The final means toward moving someone to moral understanding that Gaita offers is “conversation.” The transformation conversation offers is not (emphatically) our “need to learn from others only because of our limited epistemic and logical powers” (275). Rather, what conversation can open our eyes to is “the reality of other human beings” (277),–that is, to the fundamental truth that Gaita has hammered on as the most important plank for a human morality. Here is the full description of how conversation is to effect this realization. (Thus, conversation like love, and the examples of saintly and dastardly action, is revelatory.)
“Conversation promises and threatens surprise. Martin Buber said that ‘talking to oneself’ is utterly different from talking to someone else, and that the difference is marked by the fact that one cannot be a surprise to oneself in the way that another can be. [Here we get a long passage of Buber’s.] The surprise Buber speaks of is not conditional upon routine or ignorance. It is a kind of shock at the realization of how other than, and other to, oneself another human being can be. It is the shock of the reality of other human beings, and the strange and unique kind of individuality of their presence. . . . It is in connection with such as sense of reality that we should understand Socrates’ insistence on conversation and the kind of presence he required of himself and his partners” (277).
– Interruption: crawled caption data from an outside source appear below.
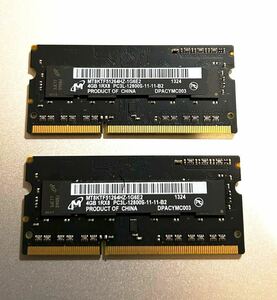 Micron 4GB 2枚セット DDR3 ノートパソコン用メモリ PC3-12800S 204ピン DDR3-1600 DDR3 LAPTOP RAM 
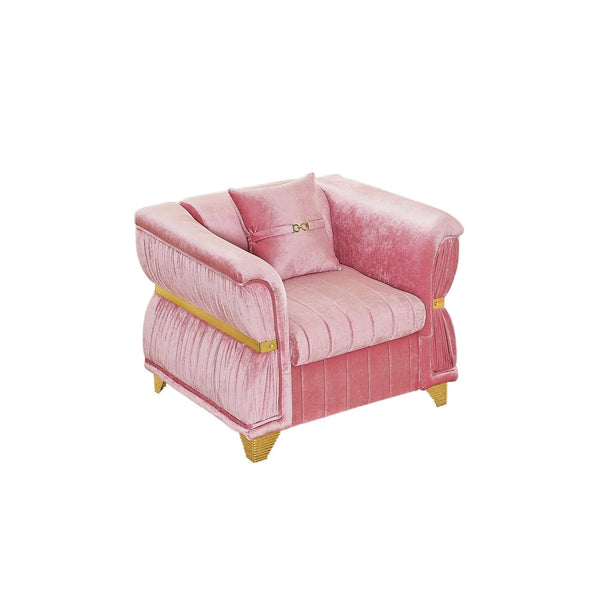 English Elm 39.8"modern Velvet Accent Sofa Pleated Upholstery Gold Trim Tapered Legs Glam Seating Pink W1191S00154
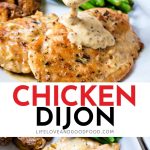 a spoon ladeling mustard sauce over chicken cutlets on a plate.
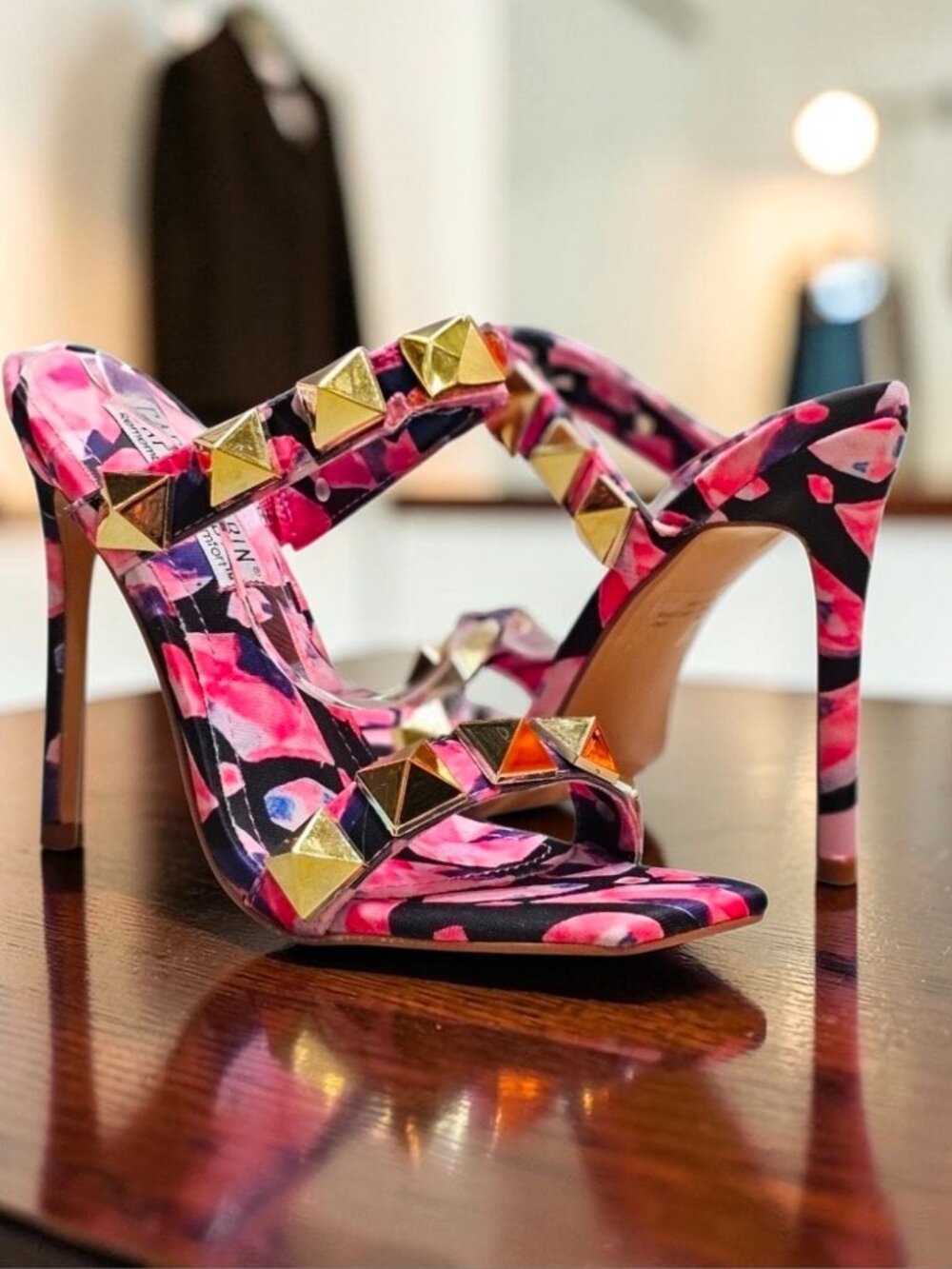 Pink & Gold Studded High Heel Sandals With Floral Pattern Open Toe Stiletto Heel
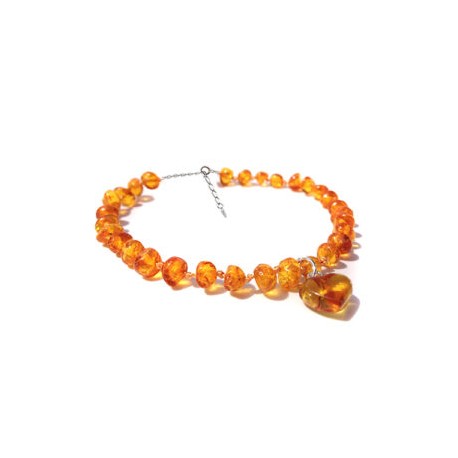 Pulsera de tobillo para Adulto Juvenil/Adulto de ámbar báltico Miel con corazón de Ámbar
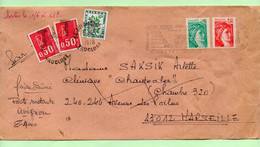 Lettre De LA REUNION - St-DENIS Pour MARSEILLE - En POSTE RESTANTE - Taxée 0,50 "BEQUET" (x2) + 0,20 "FLEURS" - 1978 - Strafportbrieven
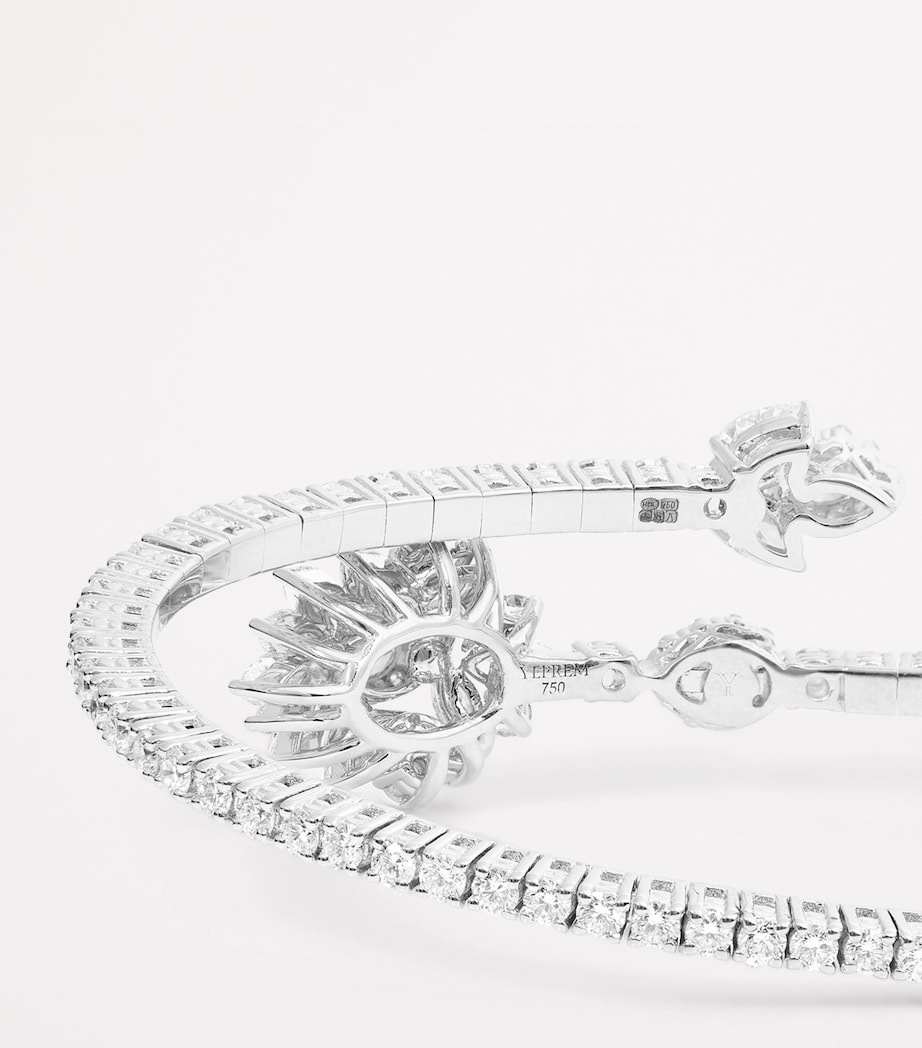 White Gold and Diamond Cluster Bangle WHITE GOLD Image 6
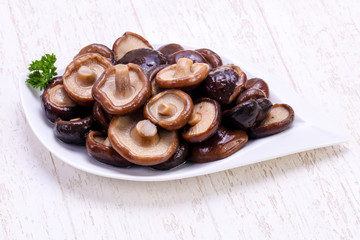 Pickled mushrooms in the bowl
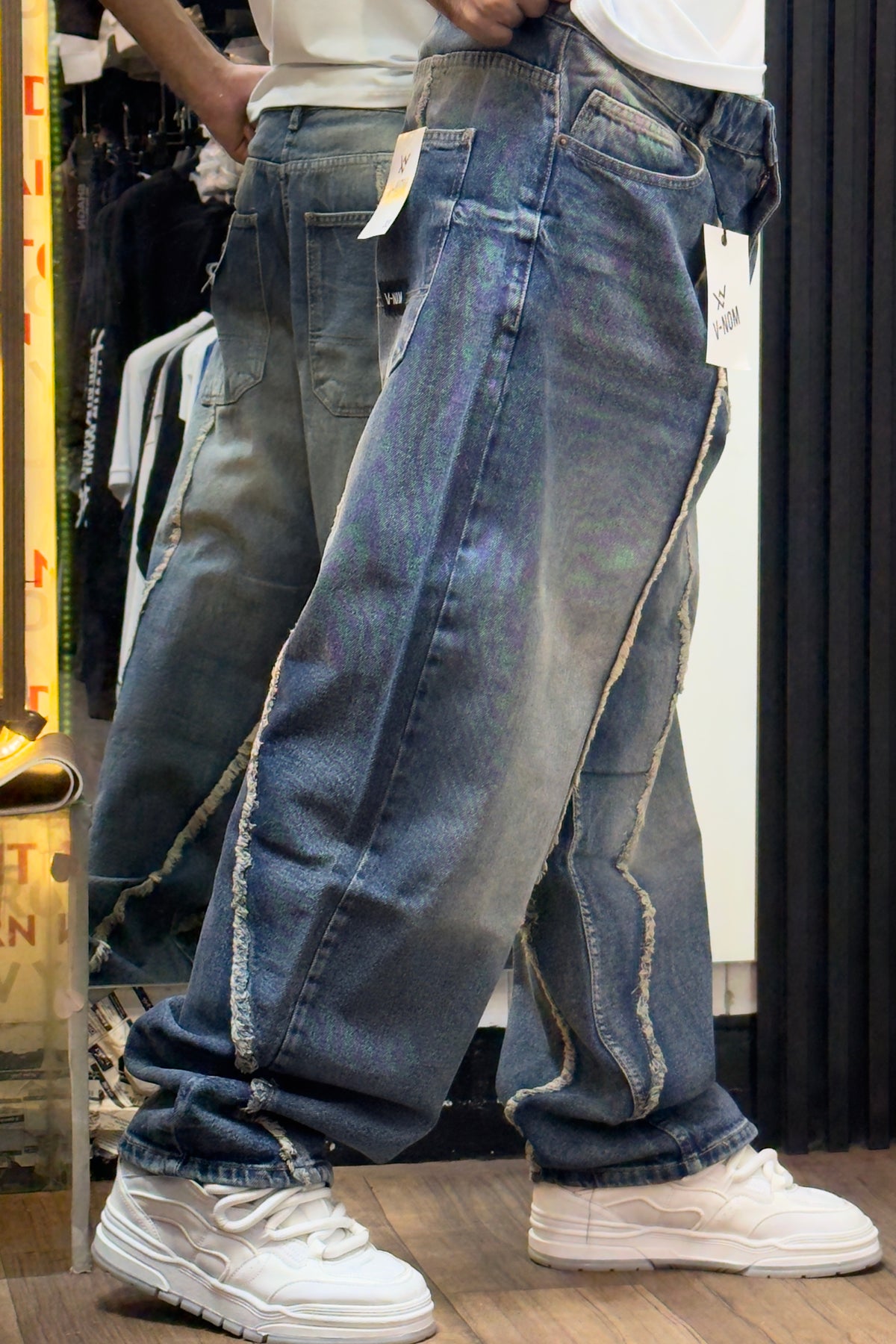 BALLON BAGGY JEAN RAW EDGE PANEL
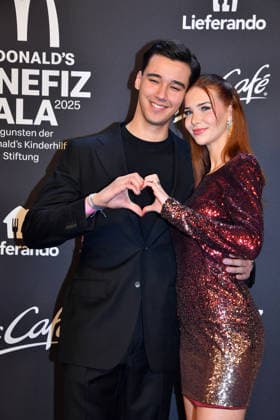 Diego Pooth and Louisa Buescher at the benefit gala for the McDonalds Childrens Aid Foundation on 6 12 2025 in Munich McDonalds Benefit Gala 2025 in Munich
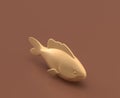 Isometric freshwater fish. monochrome yellow camping symbol on brown background, 3D Rendering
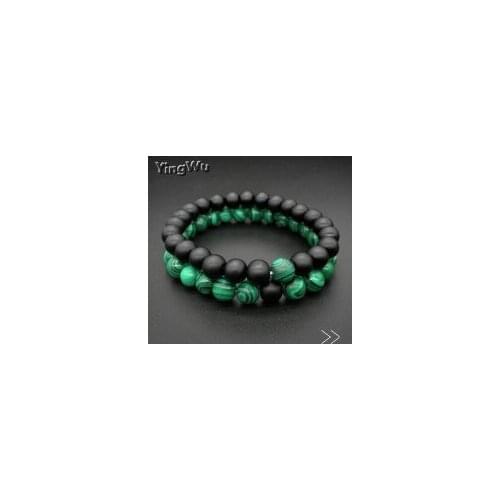 Yingwu 1-2 pieces/Set 8mm Natural Malachite stone Beads men bracelets Weave charm Couple Bracelet for men&women Jewellery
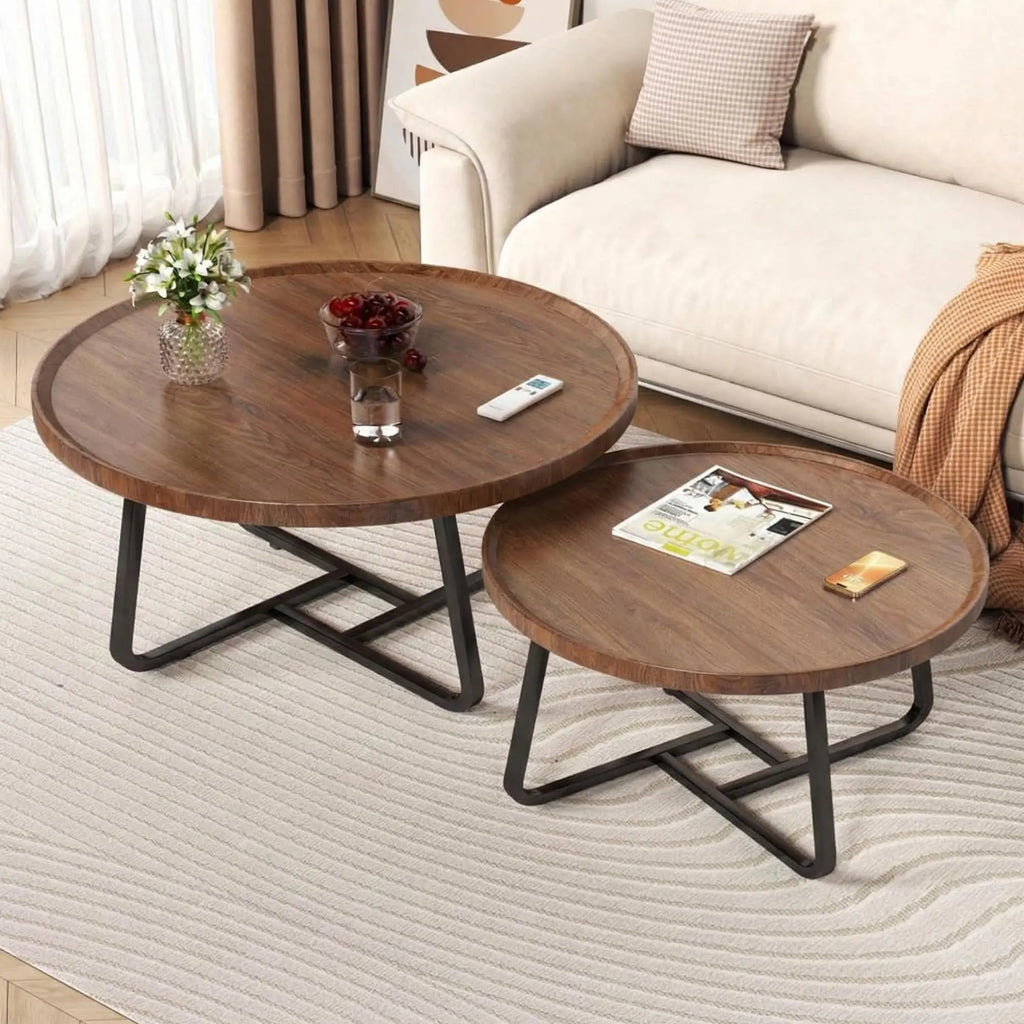 Nesting Coffee Table Set 2 Fluted Round Wood Tables Sturdy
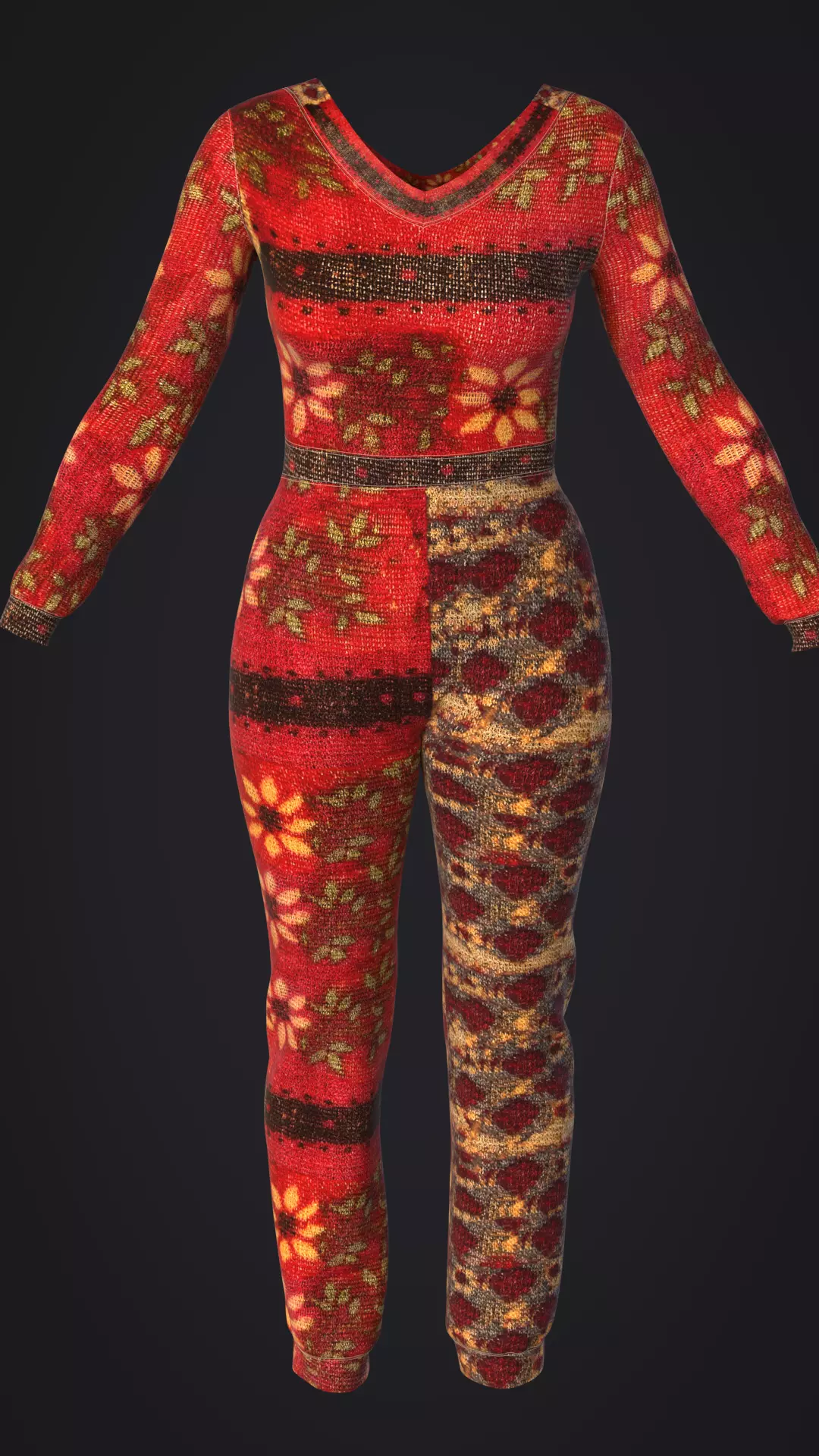 WOMEN JUMPSUIT Low-poly 3D model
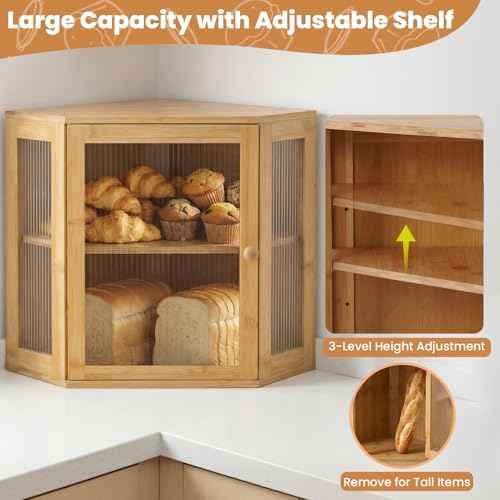 Corner Bread Box for Kitchen Countertop: Bamboo Storage Container for Homemade Bread, Two Layer Breadbox under Cabinet Mount, Large Bread Holder for Kitchen Counter, Pantry Shelf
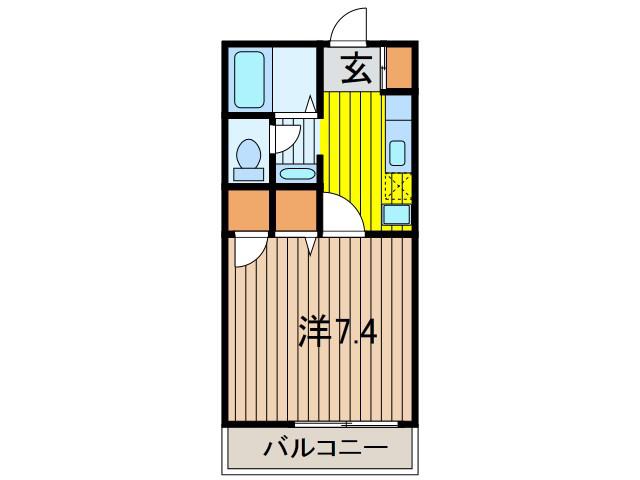 ＪＲ埼京線 北与野駅 徒歩6分 2階建 築24年(1K/1階)の間取り写真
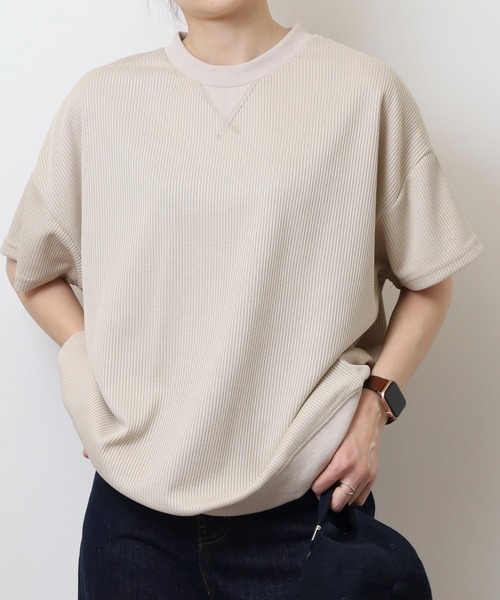 SAVAGE（サベージ）の「無地 テレコリブ ワイド ワッフル 半袖Tシャツ（Tシャツ/カットソー・メンズ・チャコールグレー/アイボリー/オリーブ/ネイビー/ブラック/ブラック系/ホワイト系/オリーブ系/グレー系/ネイビー系・L/LL/M）」の2枚目の写真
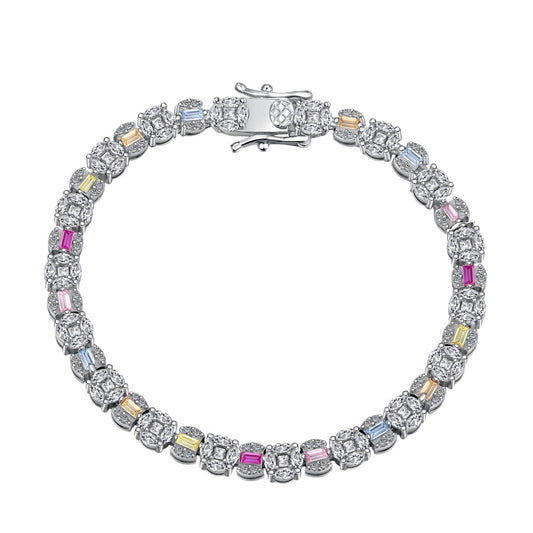 [Clover Jewelry]Dazzling Radiant Multi Cut Daily Bracelet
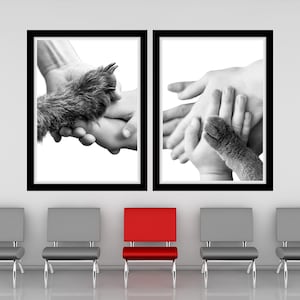 Paws And Hands Printable Wall Art Dog Paw Poster Cat Paw Poster Veterinary Clinic Wall Art Pet Paws Veterinarian Office Decor Pet Paw Poster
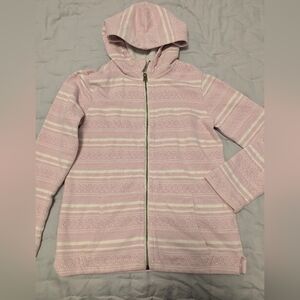 FatFace UK Pink Striped Zip-Up Hoodie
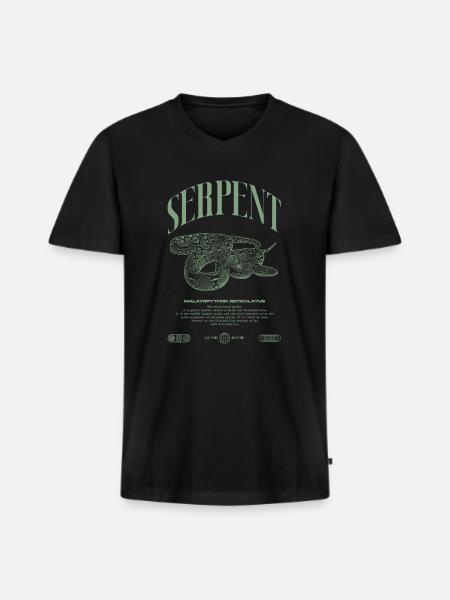 Retikulierte Python Reptile Keeper Streetwear - Männer Premium Bio T-Shirt mit V-Ausschnitt - Schwarz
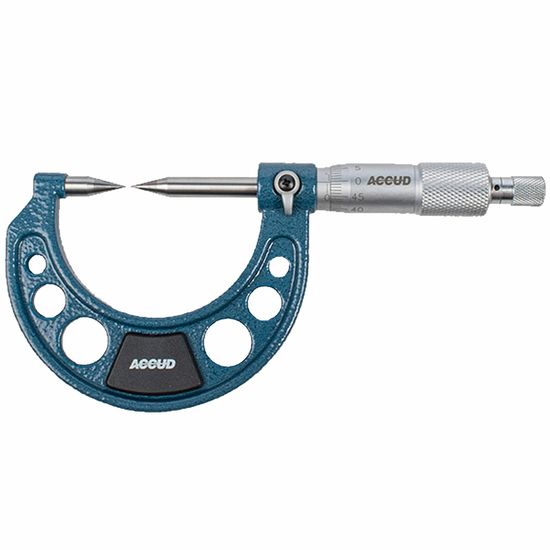 ACCUD Point Micrometer 25mm 30 Deg. 0.004mm Acc. 0.01mm Grad.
Conversation, then, stands for a full encounter with the other, the kind of encounter which brings home forcefully the other’s reality as other. That, of course, does not guarantee that I will then value that other (although Gaita seems to assume some kind of equivalence between recognition of otherness and valuing the other’s irreplaceable individuality.)
But I don’t mean to sneer here. One of the dilemmas in current day America is how to communicate across divides that have become entrenched, how to even have any communication take place at all when everyone is locked into their own echo chambers. The inefficacy of general (broadcast) media to shift hearts and minds is all too obvious (even accepting the influence of Fox News). Gaita’s discussion of conversation is still too abstract—we want the dialogue to lead to more nuanced, particular, convictions than some general affirmation of the other’s otherness. On the other hand, even getting that far would be very welcome. And it certainly does seem that face-to-face encounters are more likely to “move” people from entrenched stances than anything they are going to get from the non-face-to-face flows of opinion and information from the news media or from social media. How to enable potentially transformative conversations does seem to me a vital question for our times. To pooh-poo in advance the possible effectiveness of such interactions is to throw in the towel before even making any attempt at betterment.